Carlos Azurduy llegó a ser representante del Grupo Tolata y entonces lo reconocí como codirector estudiantil de Televisión Universitaria, Canal 13, un hito en su carrera profesional porque lo inclinó al periodismo televisivo y escrito.
A él le debo la edición de mi novela Iskay, en coautoría con Ariel Gamboa y acaba de presentar un libro que titula El abrigo de Matilde y otros cuentos en tiempos de dictadura (Ed. La Hoguera, 2011).
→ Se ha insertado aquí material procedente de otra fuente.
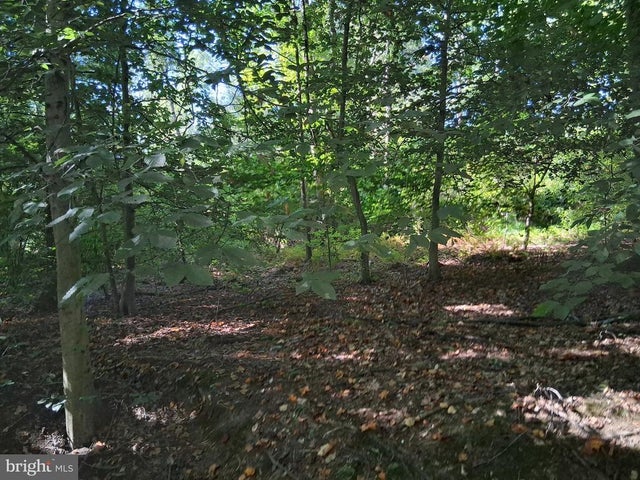 419 Cokesbury Rd, Port Deposit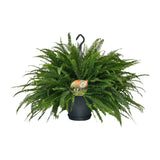 Nephrolepis Green Lady - Ø20cm - ↕60cm Everspring
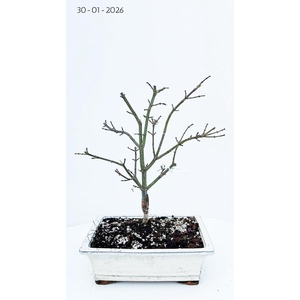 Acer palmatum shaina, pot 26cm.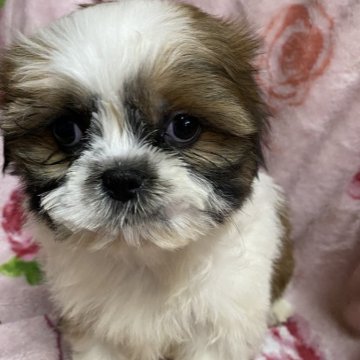 シーズー【長野県・女の子・2024年1月14日・ゴールド&ホワイト】の写真「とても上手に育てています」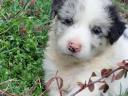 Szczenięta czystej rasy Border Collie są w drodze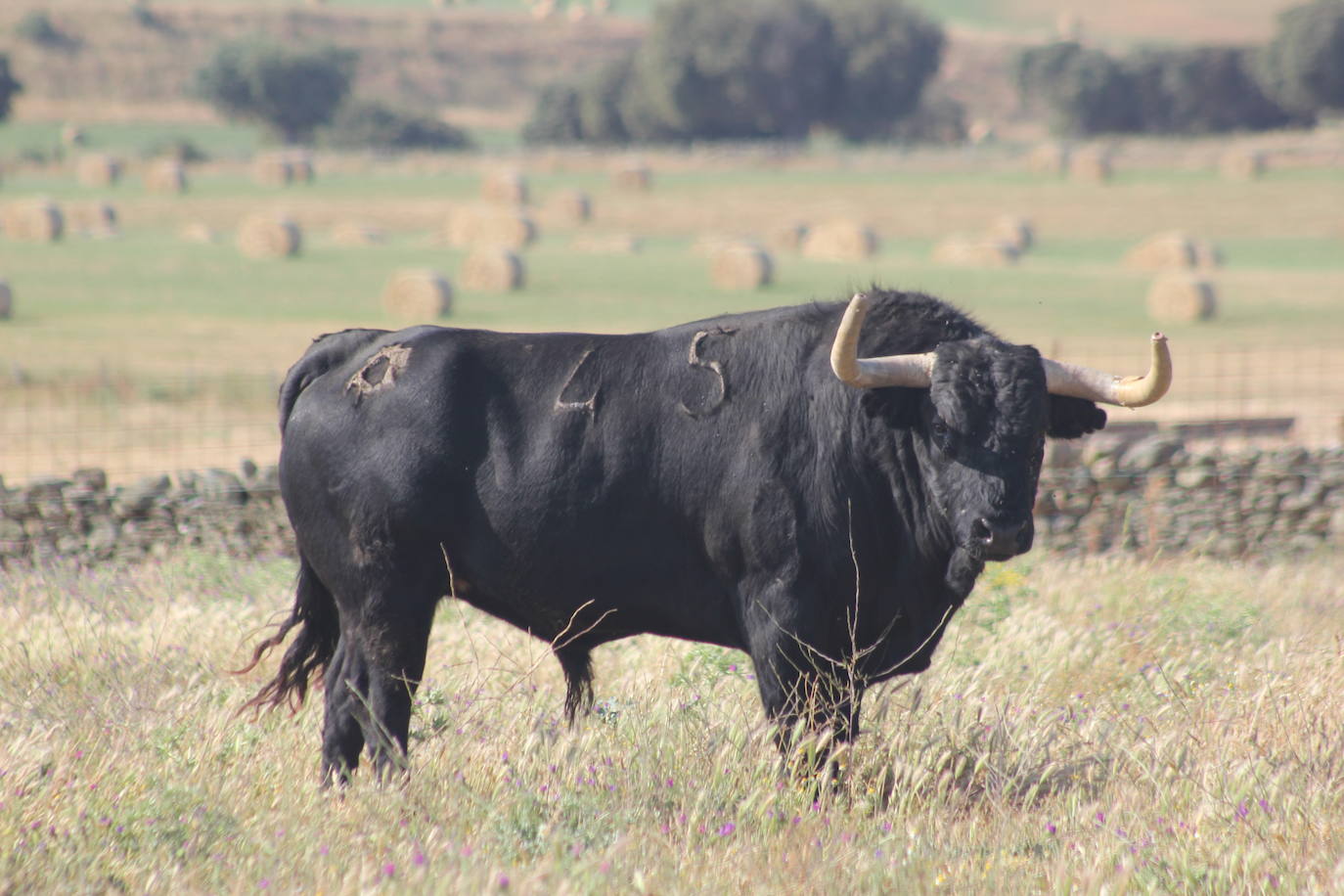 Cara Alegre, número 45, es otro de los toros cinqueños del envío.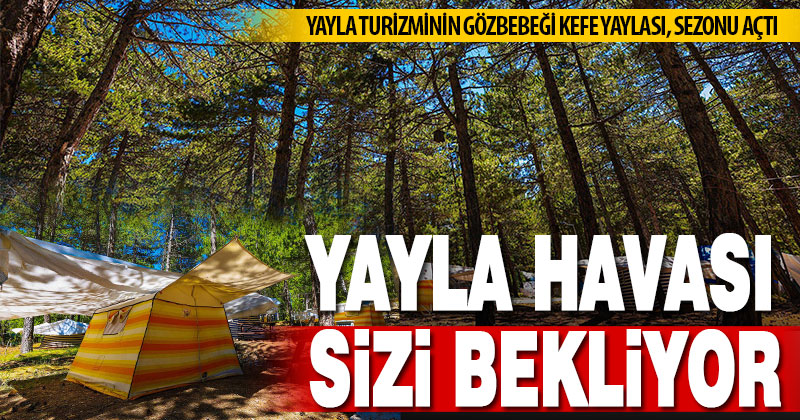 Doğasıyla cezbeden Kefe Yaylası misafirlerini bekliyor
No sé si corresponden al concepto literario usual de este género tan difícil, pero yo diría que se acercan, más bien, a un género que cada vez aprecio más: la crónica, que es de esencia periodística. Carlos, como muchos otros bolivianos, ha conocido a gente valiosa y heroica que murió en manos de los esbirros de la dictadura; él también arriesgó el pellejo durante muchos años y pudo haber muerto del mismo modo, pero si está vivo y goza de buena salud, seguramente es porque la historia quería que Carlos viviera para contarlo.
Si Luis Espinal, Marcelo Quiroga Santa Cruz, los muchachos de Teoponte o los compañeros asesinados en la calle Harrington pudieran hoy hablar, quizá dirían: Sólo somos recuerdos, y estamos a punto de ser olvidados. Pero ahí está Carlos Azurduy y otros cronistas, para revivir la memoria de esos héroes y volver a darles vida para que los conozcan los jóvenes de hoy.
El cuadro que pinta en el cuento “Lucho a quemarropa” muestra a Luis Espinal, maestro de Carlos en el Colegio San Calixto, pero sobre todo amigo y guía espiritual. “Otra vez Marcelo” juega con uno de los seudónimos de Marcelo Quiroga (Marzo) para contar una historia repetida hasta el horror: la Operación Cóndor y las redes de “cooperación” entre los torturadores bolivianos y argentinos. “El abrigo de Matilde” cuenta la responsabilidad temprana de una niña, que debe llevar los ahorros de su padre exiliado y entregárselos en Chile.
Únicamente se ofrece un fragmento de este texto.